У Волкова видел я доктора Гааза, он рассказывал очень удивительное дело. Бедная Сипягина, лежащая в забытьи третий день и никого не узнающая, вчера вдруг сказала своей девушке: «Ты знаешь, что муж мой умер?» – «Откуда вы взяли это, сударыня? Как бы нам не знать об этом». Больная опять впала в бесчувствие. Только вчера вечером, придя в себя, она очень внятно повторила: «Боже мой, как жаль бедную императрицу!» Батюшка будет в сокрушении от ее кончины. Товарищи Гааза приписывают это сомнамбулизму, он сам не знает, как растолковать; но мне кажется, просто, что девушки и все, больную окружающие, видя ее в забытьи и бреду, говорили, не стесняясь, о том и другом, и больная, имея на эту минуту память, вслушалась, верно, в разговор. «Я бы тоже так объяснил, как вы только что, – заметил Гааз, – но подумайте о том, что больная так глуха после родов своих, что не услышала бы и пушечного выстрела». Это подлинно очень странно и истолковано быть не может.

Забыл я тебе сказать вчера, что приходил к нам в Архив один армянин, просивший перевести ему какой-то армянский документ. Разговаривая с ним, слышал я от него, что он и многие его товарищи получили известие о последовавшем в Арзруме бунте, что янычары послали в Топхан-Кале к нашим сказать, чтобы они шли занять Арзрум, что все готово для принятия их, что генерал наш, подозревая измену, не уважил этого, но что тогда янычары прислали аманатов, объявив, что преданные султану войска все вышли, что остальные не хотят принадлежать Порте, а русским, и что ежели сии не придут, то янычары сожгут весь город; что после сего 1200 нашего войска вошли в Арзрум.
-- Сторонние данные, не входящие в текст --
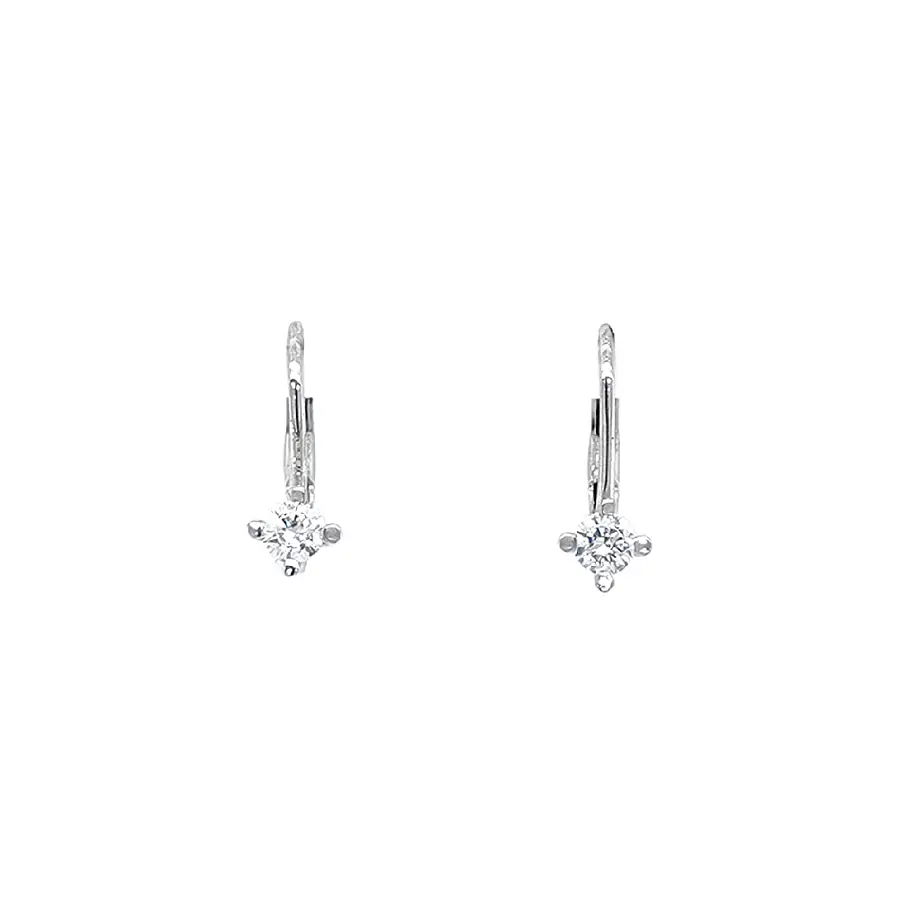 Earrings with White Gold Zircons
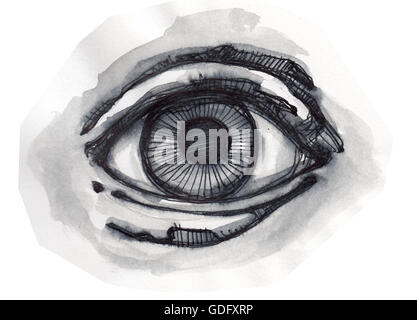 Hand drawn illustration or drawing of a human eye Stock Photo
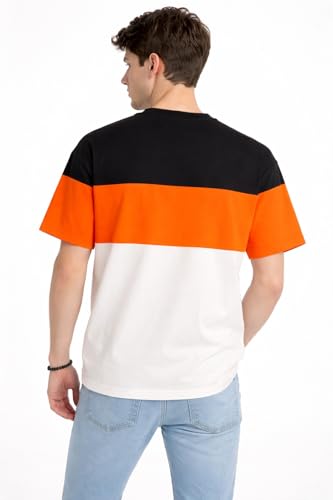 Image of Stylish Men Color Block Oversized Half Sleeve Round Neck T-Shirt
Кажется, это невероятно; увидим, что скажет тифлисская почта.


Александр. Москва, 30 октября 1828 года

Мое письмо к тебе было уже отправлено, мой милый друг, как я получил почту в Архиве и был поражен роковым известием о бедном Урусове[41]. Моим первым движением было пойти к князю, он был в Сенате, я нашел только княгиню. Не хватило у меня духу объявить ей новость, коей она еще не знала. Ее сын Павел счел нужным подождать несколько дней, но затем, когда княгиня мне сказала: «Вы что-то не в своей тарелке, скажите-ка мне правду, не случилось ли какого несчастия?» – я взял на себя объявить ей сию печальную весть. Она сильно плакала и имела нервические припадки. Вскоре после приехал князь; сей добрейший отец также плакал горько, затем обнял меня со словами: «Ты меня избавил от несчастья объявить горе это жене моей; буди воля Божия, государь и не это потерял!» Княгиня, несколько поуспокоившись, спросила, знает ли о несчастий ее дочь Софья. Я сказал, что да, и тогда стал заклинать ее взять себя в руки и написать несколько слов по крайней мере ее дочери, чтобы ее успокоить, что она и сделала, а отец надписал адрес. Вот письмо, доставь его поскорее княжне Софье, это будет бальзам на ее сердце. Пусть она бережет себя, родители ее смирились. Граф Иван[42] совершил большую неосторожность – он написал своей матери, что Александр безнадежен, а знает, однако же, что жена его читает все письма старой графине; графиня Марья лишилась чувств, читая эту столь неожиданную новость. Князь Ал. Михайлович поехал к дочери теперь, ей объявлять несчастие. Я нехотя все это исполнил.


Александр. Москва, 31 октября 1828 года

Какая, говорят, картина в Воспитательном доме, так это ужас. Вой повсеместный! Шульгин, видно, думал поправить свою глупость в рассуждении театров: приехал в понедельник в Английский клуб и просил старшин на два дня закрыть его. Натурально, согласились; но почему же на два дня, а не на 7 или 15, и ежели все трактиры открыты, то почему закрыться Английскому клубу, который не что иное, как благородный, собственный для 600 членов трактир? О Шульгиных хорошо сказал кто-то: Алекс. Сергеевич Шульгин был дурак, а Дмитрий Иванович – дура. Первый все-таки был лучше. Многие его любили, особенно дворянство, а этого никто.